In the Jewish tradition, the word for “strength” has also been bypassed and given alternative meanings. Some theologians have chosen to translate it as “wealth” or “possessions” instead of “strength.”
The Hebrew word (b’kol me’odekhah) has, at its root, a connotation of “extra” or “more.”
In this context, the verse may actually be referring to:
“loving God with all your heart, all your soul, and all the more that you are. … All the more commands the mending of relation, for it takes us beyond the conﬁnes of ego into the more of moving towards the neighbor. God confronts man with the demand to turn to his human neighbor, and in doing so, to turn back to God Himself.”¹
To love God with all your strength (or “more”) means that anything under your responsibility should be cultivated in love towards God.
I have responsibilities towards my neighbor, my community, my money, possessions and actions. And in all of these, I cultivate all my powers that I may love God in purity and earnest.
Therefore, the message and commandment of this verse is not merely to love God with your whole self. God is commanding us to love him with all that we are, in all of our existence, and beyond. If the command was only “Love God with your heart, soul, and mind,” we would be left with a love for God that exists inwardly. Even though this inward love can be expressed outwardly, it is not existent outwardly.
By adding “strength” it becomes a command that is essentially communal, to have your love for God literally live outside of you as well.
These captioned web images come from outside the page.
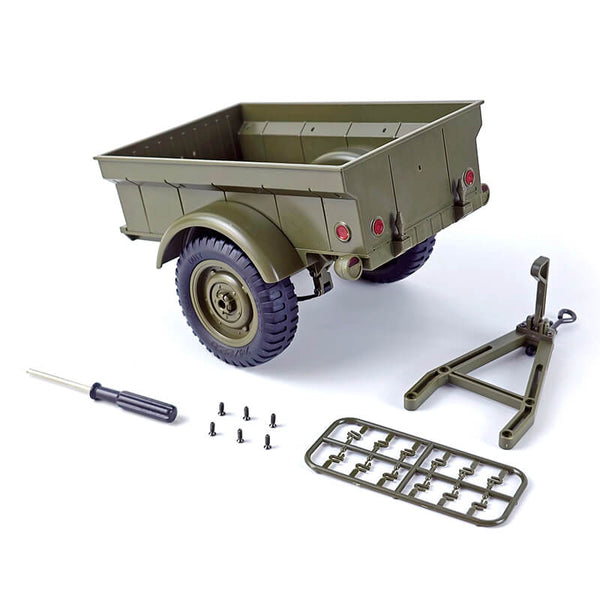 EZ-PJ-GB7015 E-ZEE RC WILLYS JEEP TRAILER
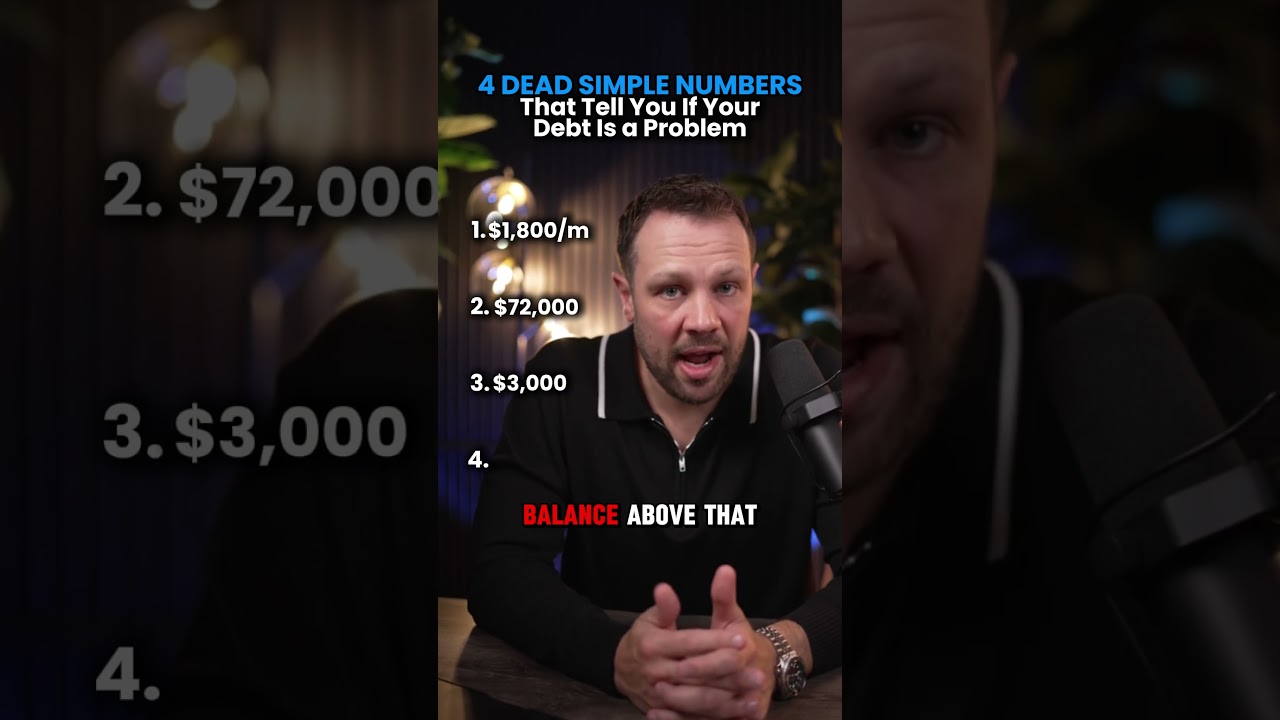 Simple numbers That SHOW if you have too much DEBT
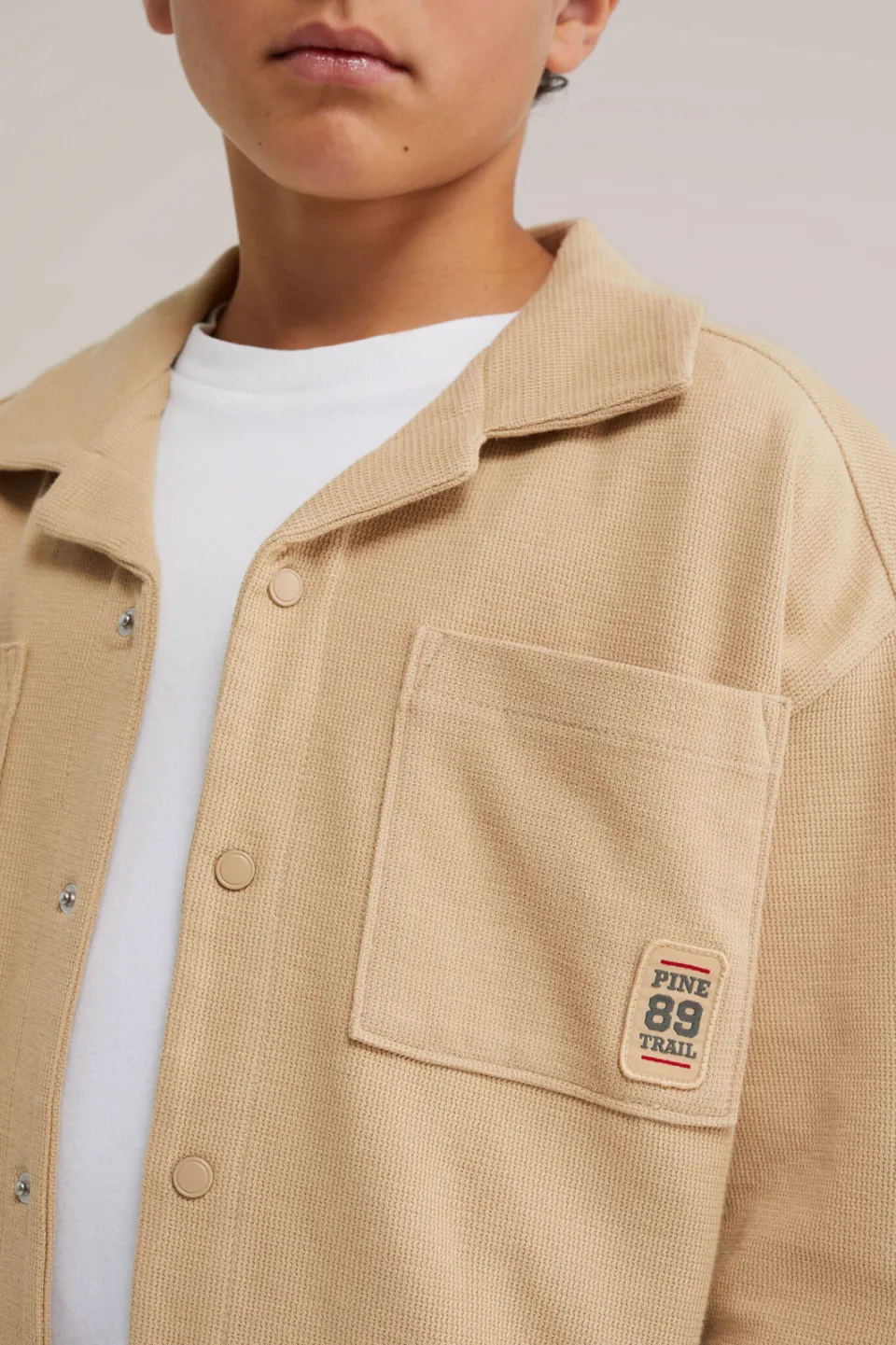 WE Fashion corduroy overhemd - zand, foto 5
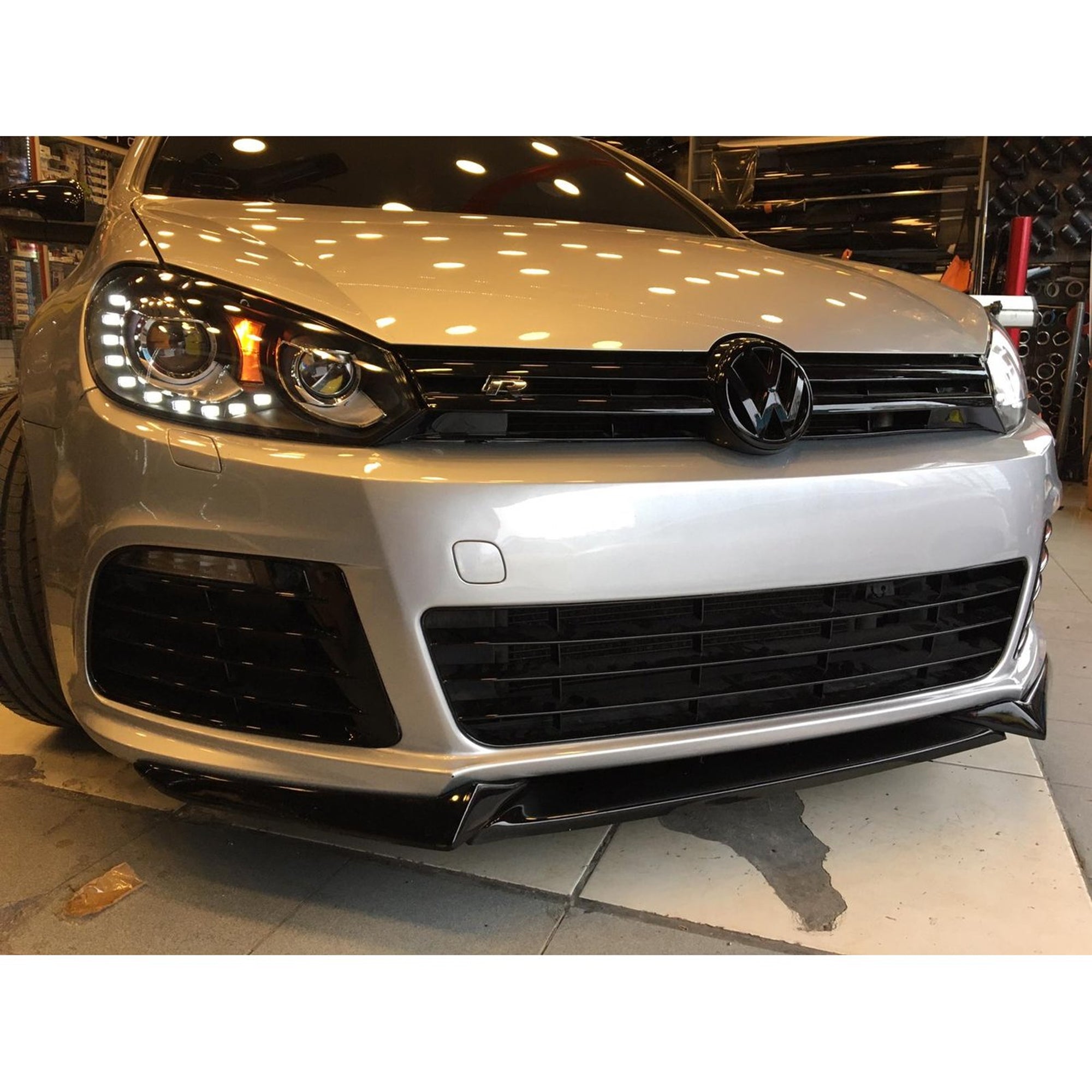 Front Bumper Lip for M-Type VW Golf MK6 / Scirocco MK3 Adjustable All Car
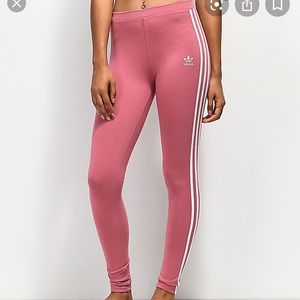 Pink adidas cotton leggings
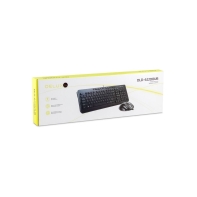 купить Комплект Клавиатура   Мышь, Delux, DLD-6220OUB, Оптическая Мышь, USB, 1000-3200DPI, Длина кабеля 1,6 метра, Кол-во стандартных клавиш 104, Анг/Рус/Каз, Чёрный в Алматы фото 3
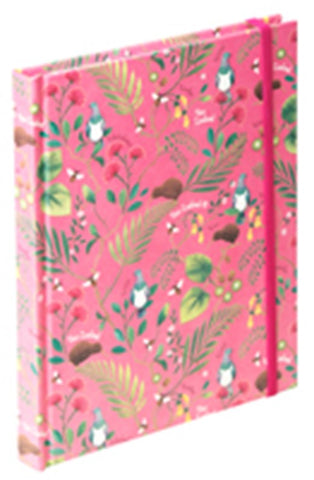 Parrs Flowers notepad Pink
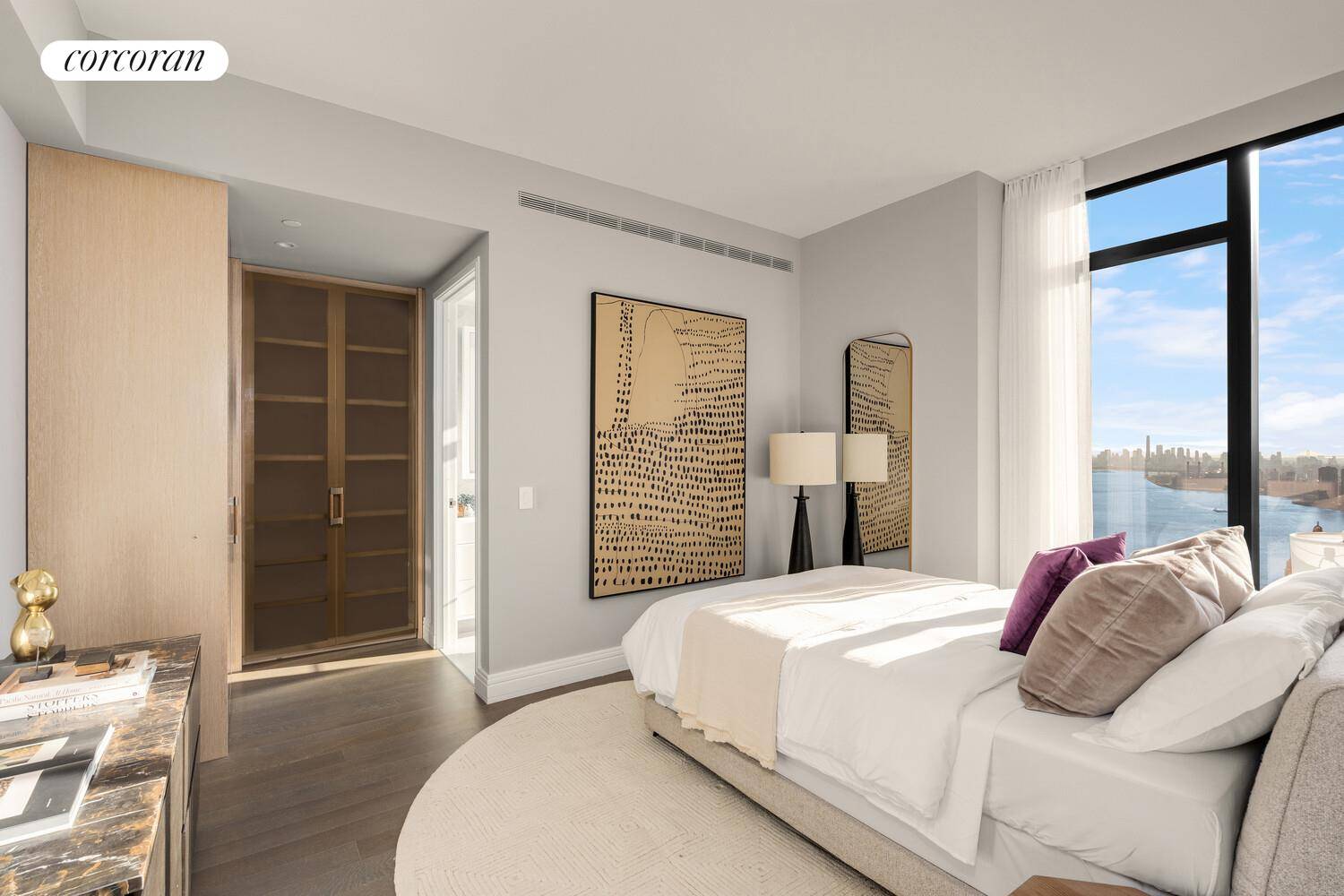 Available for immediate occupancy, Residence 52B at Sutton Tower offers expansive living and views of the east river and Manhattan's most iconic landmarks.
In between you and your neighbor is where this love for God originates and is found. It is like pouring water from your own glass into a fountain where anyone can come and drink. When we give a hungry man food we are not simply showing him our love for him and God — we are helping Godʼs love exist in a new place.
Our love for God becomes something that is beyond us, it is out there. Hence, Johnʼs insistence that to love God, you must love your brother!² A love for God that does not exist outside of ourselves, is not a complete love for God.
We need to begin to see our love for God in this light. It is not simply the idea of expressing to others our love for God in our hearts. It is understanding that our love for God cannot exist unless it exists in our relationships with others.
¹Morgan, Michael L.; Pollock, Benjamin. Philosopher As Witness. SUNY Press 2008. 158.